## Activity
Word-for-word transcription needed. Include every entry below but no pictures.

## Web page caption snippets

____

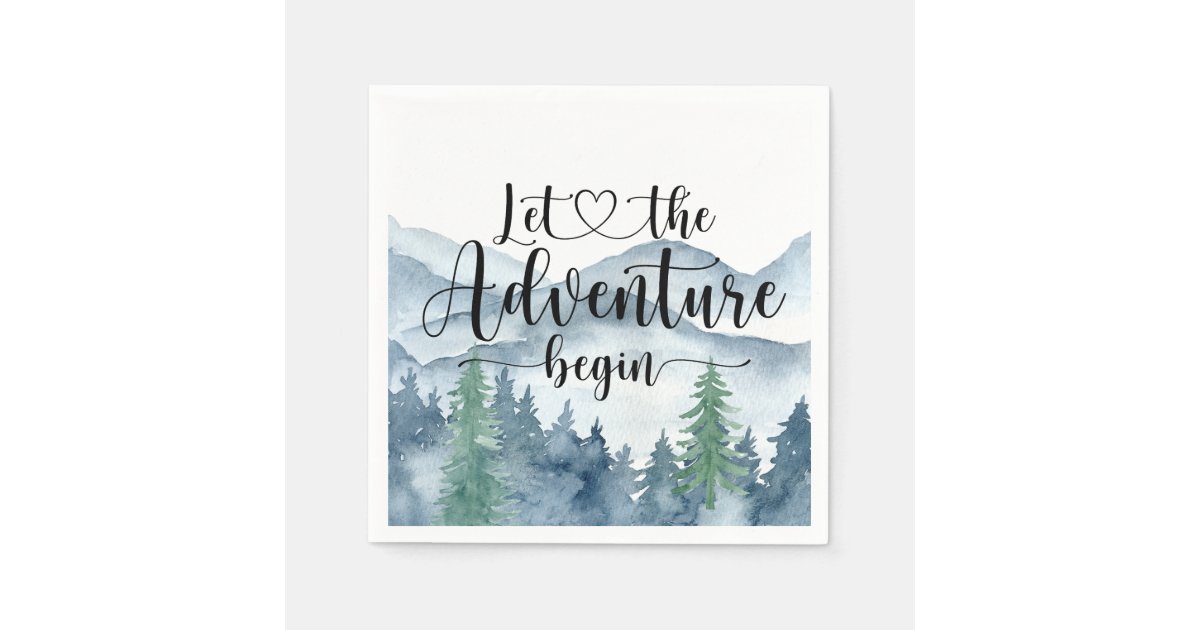 Forest Adventure Watercolor Mountains Baby Shower Napkins | Zazzle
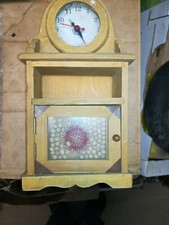 CASSETTA POSTALE PORTA LETTERE E CHIAVI - CON OROLOGIO  IN LEGNO MASSICCIO 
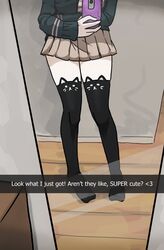 big_breasts camera camera_phone danganronpa danganronpa_2:_goodbye_despair mirror mirror_selfie mosbles nanami_chiaki phone skirt snapchat straight_hair text texting thigh_highs thighhighs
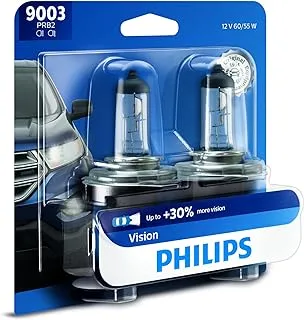 Philips 9003 Vision Upgrade Headlight Bulb with up to 30% More Vision, 2 Pack Cool White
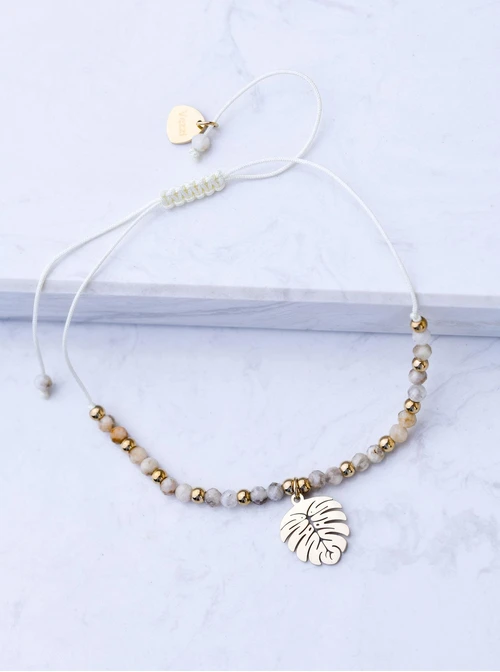 Bransoletka monstera, Skaleń, stal pozłacana S108545Z00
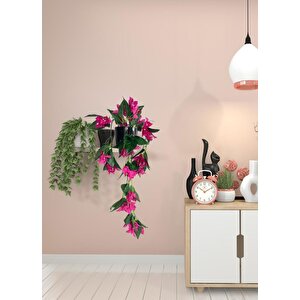 Yapay Çiçek Saksıda Sarkan Begonvil Fuşya 3 Dal Bodrum Çiçeği 60*23cm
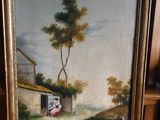 an oil painting of a woman sitting on a bench in front of a house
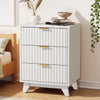 Modern 3 Drawers Bedside Table with Power Supply Nightstand Bedroom Furniture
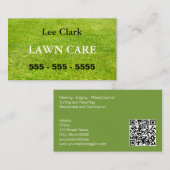 Lawn Care Gardening QR Code Visitekaartje (Voorkant / Achterkant)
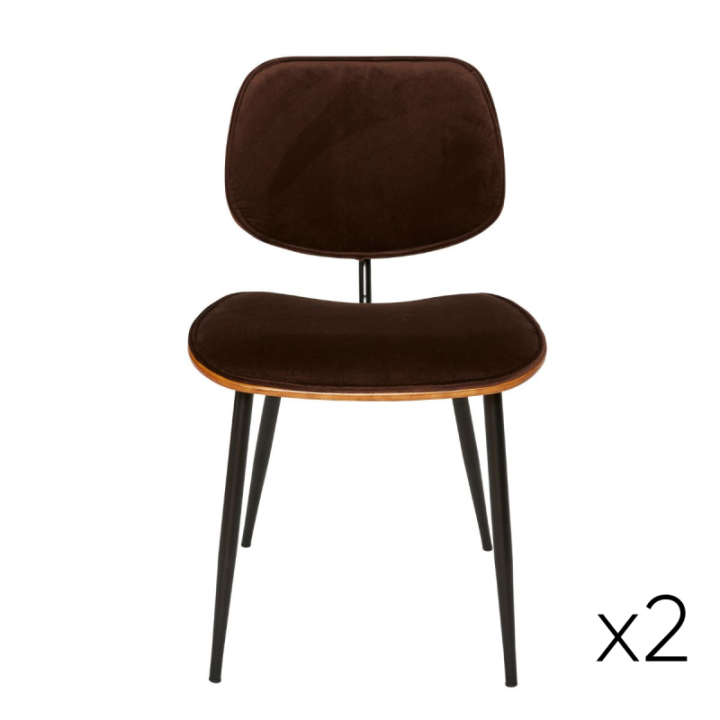 Chaise vintage Olympia en velours marron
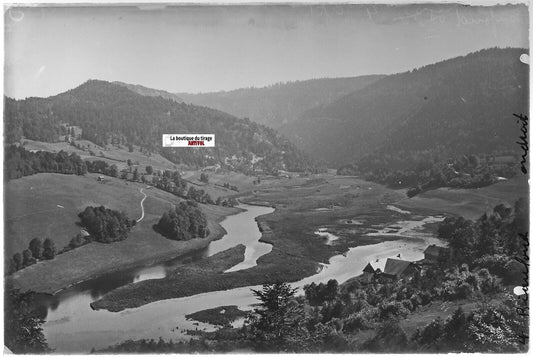 Lac Biaufond, Doubs, Plaque verre photo ancienne, positif noir & blanc 10x15 cm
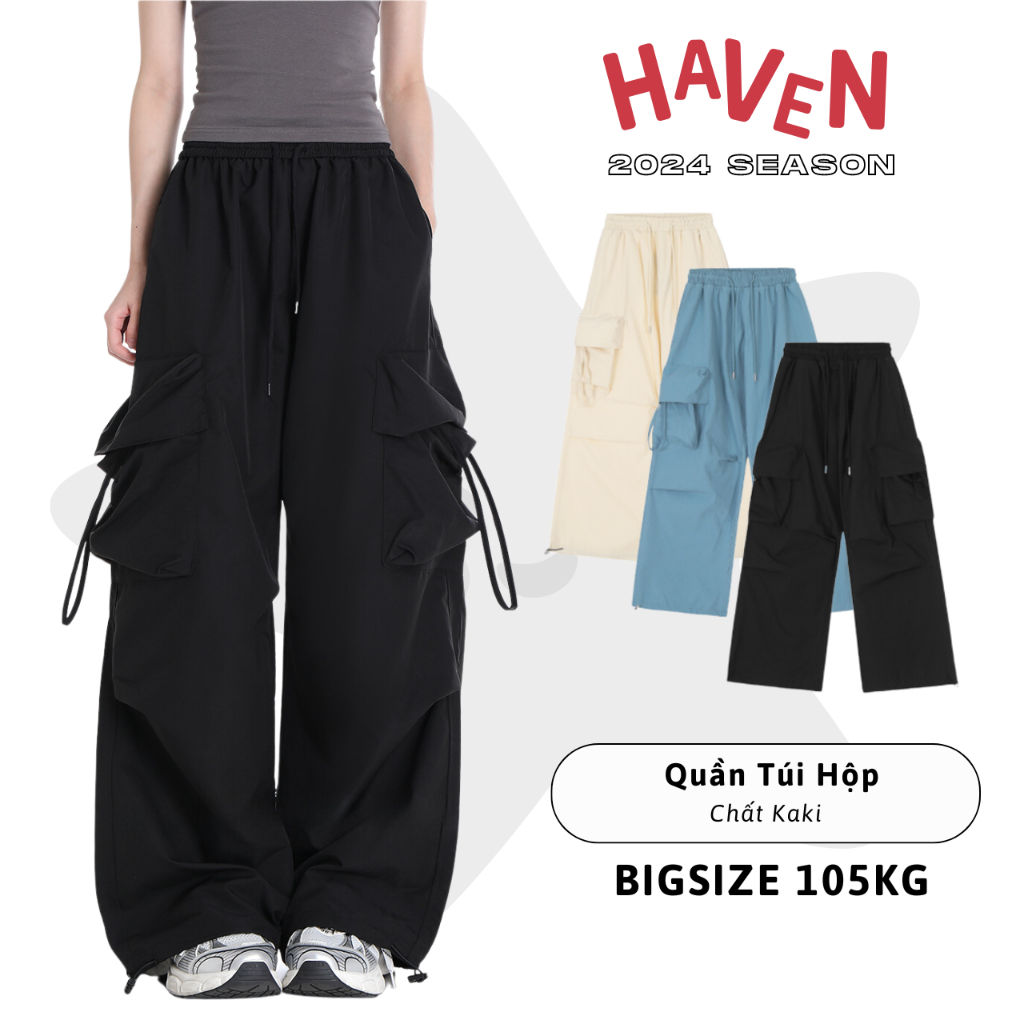 Haven Studio กางเกงคาร์โก้ขากว้าง สีกากีหลวมสําหรับผู้ชายและผู้หญิงมีเชือกผูก Cargo Pants สีดําและสี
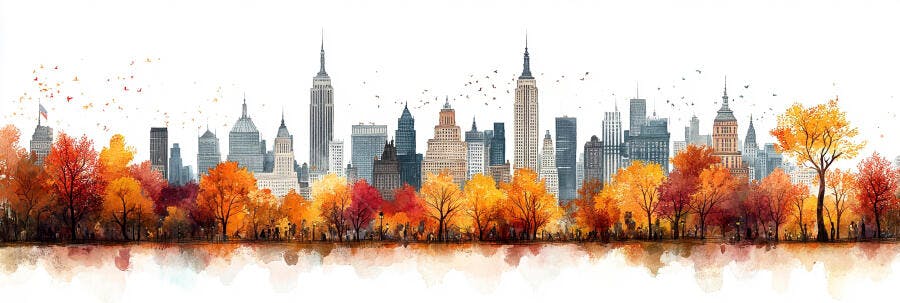 Paisagem Urbana Nova York Outono Aquarela Edifícios Árvores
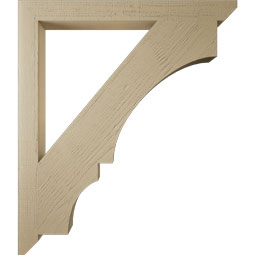 Ekena Millwork - BKTUR035X38X44BOA06RCPR - Timberthane Faux Wood Balboa Style Bracket, Slat Ends, 3 1/2"W x 38"D x 44"H, Primed Tan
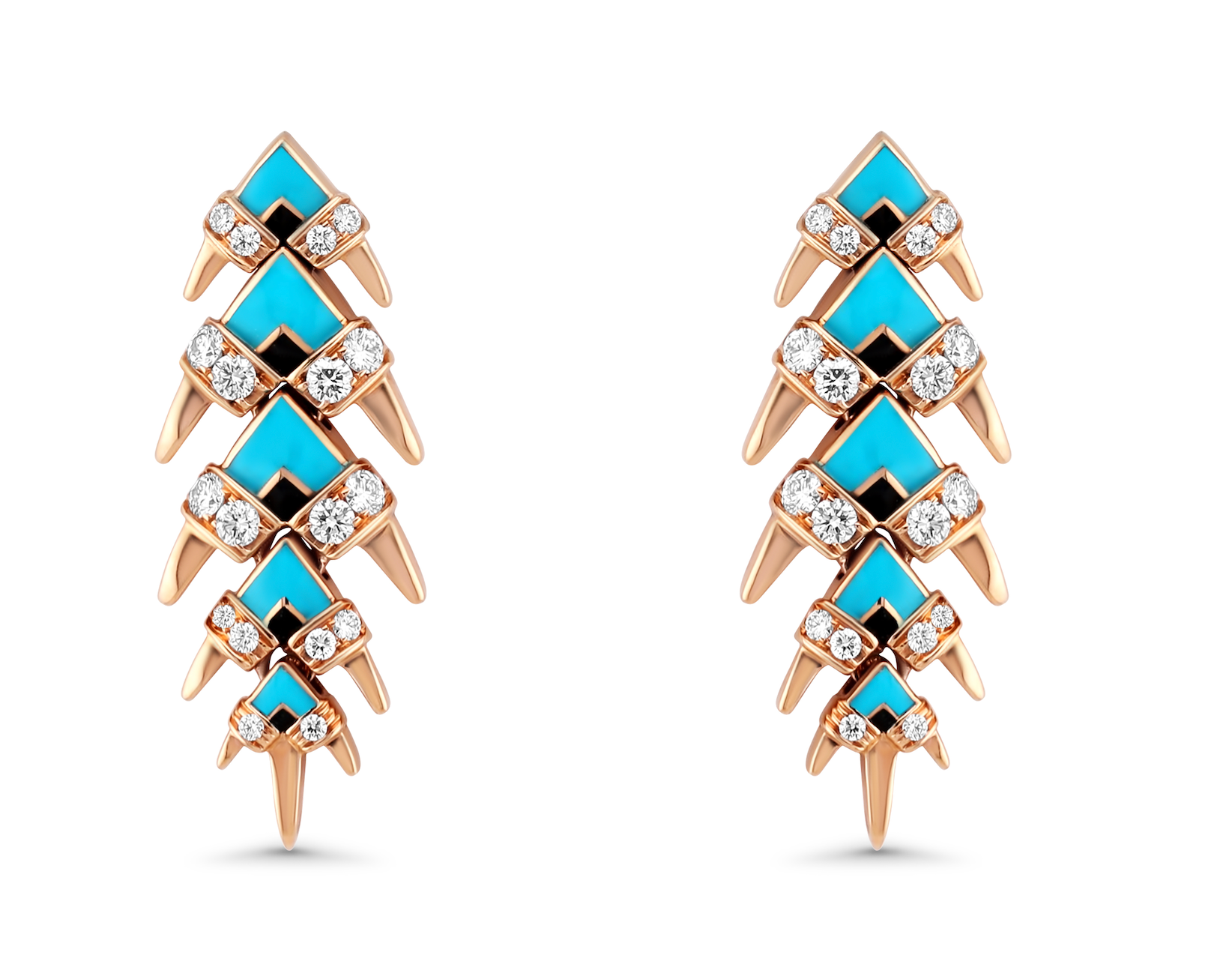 Palm Leaves Ceramic & Diamond Earrings (S)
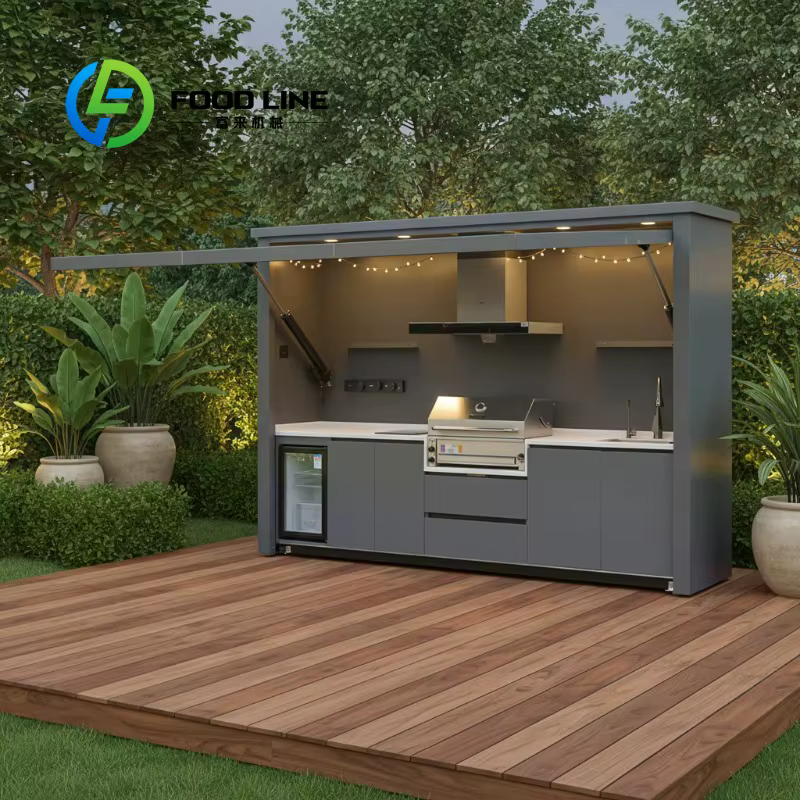 Ensemble de cuisine barbecue modulaire extérieur sur mesure avec réfrigérateur pleine taille et portes de rangement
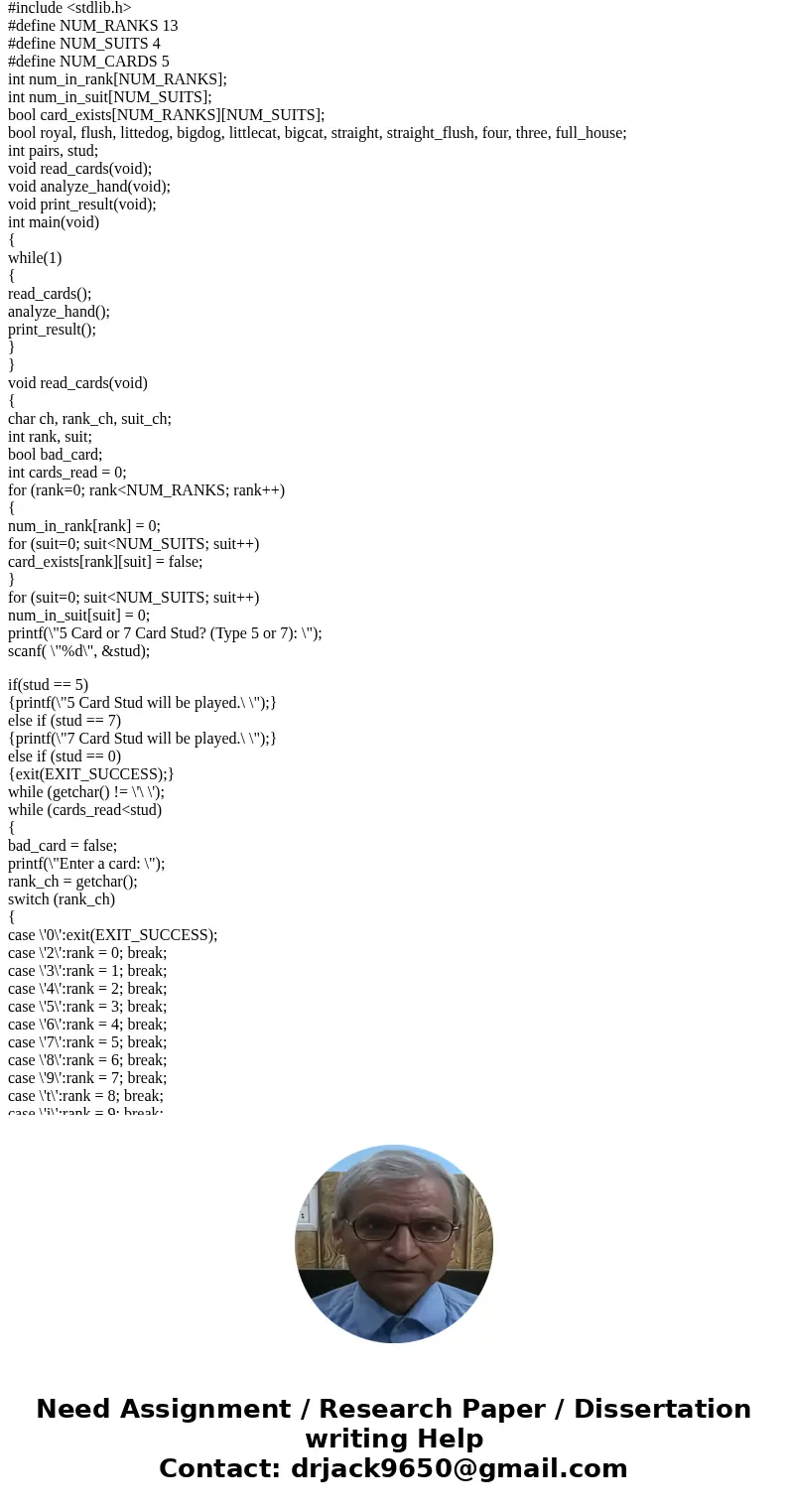 Can someone check to see why my true and false is not working? #include <stdbool.h> #include <stdio.h> #include <stdlib.h> #define NUM_RANKS 1 Can someone check to see why my true and false is not working? #include <stdbool.h> #include <stdio.h> #include <stdlib.h> #define NUM_RANKS 1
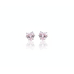 Brinco ponto de luz zirconia coração 5x5 colorido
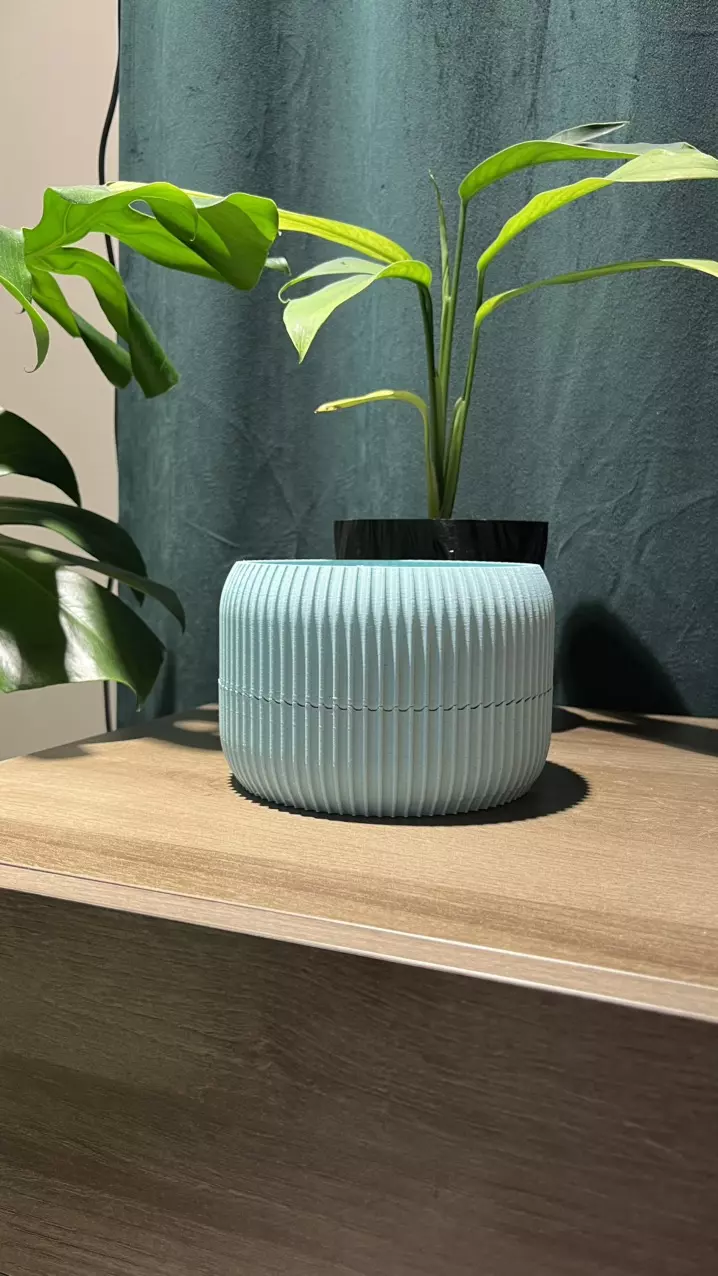 plant/🌱 Modern 3D Printed Planter with Fitted Drip Tray – Elevate Your Plant Game! 🍃-0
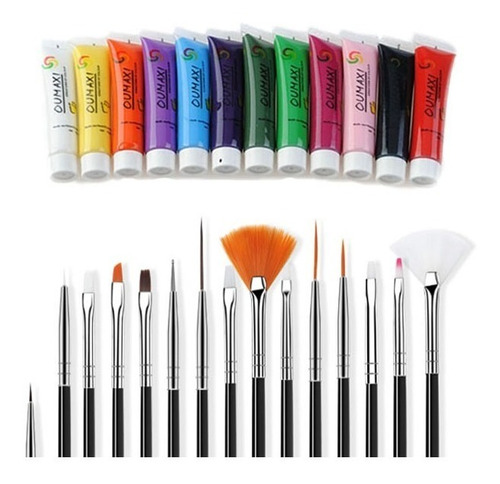 Kit: 15 Pinceles Para Diseño + 12 Pinturas Acrílicas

____

## Response below
 Forest Adventure Watercolor Mountains Baby Shower Napkins | Zazzle
 CASSETTA POSTALE PORTA LETTERE E CHIAVI - CON OROLOGIO  IN LEGNO MASSICCIO 
 big_breasts camera camera_phone danganronpa danganronpa_2:_goodbye_despair mirror mirror_selfie mosbles nanami_chiaki phone skirt snapchat straight_hair text texting thigh_highs thighhighs
 Philips 9003 Vision Upgrade Headlight Bulb with up to 30% More Vision, 2 Pack Cool White
 Bransoletka monstera, Skaleń, stal pozłacana S108545Z00
 Yapay Çiçek Saksıda Sarkan Begonvil Fuşya 3 Dal Bodrum Çiçeği 60*23cm
 an oil painting of a woman sitting on a bench in front of a house
 Modern 3 Drawers Bedside Table with Power Supply Nightstand Bedroom Furniture
 Lawn Care Gardening QR Code Visitekaartje (Voorkant / Achterkant)
 Chaise vintage Olympia en velours marron
 Lac Biaufond, Doubs, Plaque verre photo ancienne, positif noir & blanc 10x15 cm
 Haven Studio กางเกงคาร์โก้ขากว้าง สีกากีหลวมสําหรับผู้ชายและผู้หญิงมีเชือกผูก Cargo Pants สีดําและสี
 Paisagem Urbana Nova York Outono Aquarela Edifícios Árvores
 Ekena Millwork - BKTUR035X38X44BOA06RCPR - Timberthane Faux Wood Balboa Style Bracket, Slat Ends, 3 1/2"W x 38"D x 44"H, Primed Tan
 Palm Leaves Ceramic & Diamond Earrings (S)
 Ensemble de cuisine barbecue modulaire extérieur sur mesure avec réfrigérateur pleine taille et portes de rangement
 Can someone check to see why my true and false is not working? #include <stdbool.h> #include <stdio.h> #include <stdlib.h> #define NUM_RANKS 1 Can someone check to see why my true and false is not working? #include <stdbool.h> #include <stdio.h> #include <stdlib.h> #define NUM_RANKS 1
 Brinco ponto de luz zirconia coração 5x5 colorido
 plant/🌱 Modern 3D Printed Planter with Fitted Drip Tray – Elevate Your Plant Game! 🍃-0
 Kit: 15 Pinceles Para Diseño + 12 Pinturas Acrílicas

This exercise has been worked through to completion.